If you remember one rule, make it this one: tools mode is not broken when auto-recall disappears. That is the design.

2. Inspect your current mode and prefetch method

Before you change anything, look at the current values:

python - <<'PY'
import json, os, pathlib
base = pathlib.Path(os.environ.get("HERMES_HOME", pathlib.Path.home() / ".hermes"))
path = base / "hindsight" / "config.json"
cfg = json.loads(path.read_text())
print("memory_mode:", cfg.get("memory_mode", "hybrid"))
print("prefetch_method:", cfg.get("prefetch_method", "recall"))
PY

prefetch_method matters because it changes what automatic injection looks like:

  • recall injects raw memory facts. It is faster and usually the right default.
  • reflect injects a synthesized answer built from relevant memories. It is slower, but can be better when the assistant needs a coherent summary instead of a list of facts.

The simplest reliable starting point is:

  • memory_mode="hybrid"
  • prefetch_method="recall"

That gives you automatic context plus explicit tools, with the least latency overhead.

3. Switch to hybrid when you want the safest default

If you want both automatic recall and explicit tool access, set hybrid:

python - <<'PY'
import json, os, pathlib
base = pathlib.Path(os.environ.get("HERMES_HOME", pathlib.Path.home() / ".hermes"))
path = base / "hindsight" / "config.json"
cfg = json.loads(path.read_text())
cfg["memory_mode"] = "hybrid"
cfg["prefetch_method"] = "recall"
path.write_text(json.dumps(cfg, indent=2) + "\n")
print(f"Updated {path} to hybrid mode")
PY

Choose hybrid if any of these are true:

  • you want the assistant to remember relevant context without being prompted
  • you also want power users or the model itself to call hindsight_reflect explicitly for deeper synthesis
  • you are still evaluating Hindsight and want the easiest mode to debug

This is also the best mode for internal assistants and technical users, where tool visibility is not a UX problem.

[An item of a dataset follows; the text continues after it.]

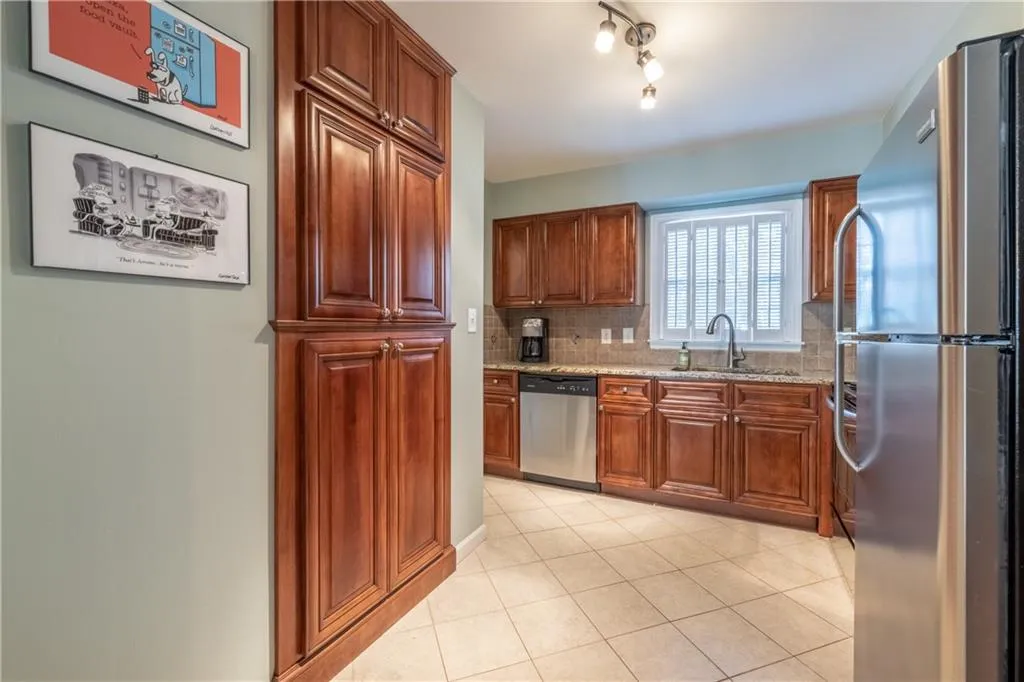 6700 Roswell Road Unit 33b, Atlanta, Georgia 30328, 2 Bedrooms Bedrooms, ,1 BathroomBathrooms,Residential,Sold,6700 Roswell Road Unit 33b,6839018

4. Switch to context when you want invisible memory

If you want recall to happen automatically but do not want the memory tools visible to the model, use context:

python - <<'PY'
import json, os, pathlib
base = pathlib.Path(os.environ.get("HERMES_HOME", pathlib.Path.home() / ".hermes"))
path = base / "hindsight" / "config.json"
cfg = json.loads(path.read_text())
cfg["memory_mode"] = "context"
cfg.setdefault("prefetch_method", "recall")
path.write_text(json.dumps(cfg, indent=2) + "\n")
print(f"Updated {path} to context mode")
PY

Use context when:

  • you want a cleaner tool surface
  • you are running a customer-facing assistant where fewer visible tools means less behavioral noise
  • you trust automatic injection more than tool planning

For many production assistants, context is the best user experience. The model simply starts with relevant history. It does not need to remember that memory exists as a tool category.

5. Switch to tools when you want deliberate memory access

If you do not want automatic recall at all, use tools:

python - <<'PY'
import json, os, pathlib
base = pathlib.Path(os.environ.get("HERMES_HOME", pathlib.Path.home() / ".hermes"))
path = base / "hindsight" / "config.json"
cfg = json.loads(path.read_text())
cfg["memory_mode"] = "tools"
path.write_text(json.dumps(cfg, indent=2) + "\n")
print(f"Updated {path} to tools mode")
PY

This is the right choice when:

  • you want the model to decide when memory is relevant
  • you are optimizing for tighter prompt control
  • you are experimenting with explicit agent strategies that use hindsight_recall and hindsight_reflect as first-class reasoning tools

The tradeoff is obvious but important: if the model is not prompted well, it may simply forget to use memory. tools mode gives you control, but less safety.

6. Decide whether prefetch_method should stay on recall or move to reflect

prefetch_method only matters when auto-recall is active, so it applies to hybrid and context.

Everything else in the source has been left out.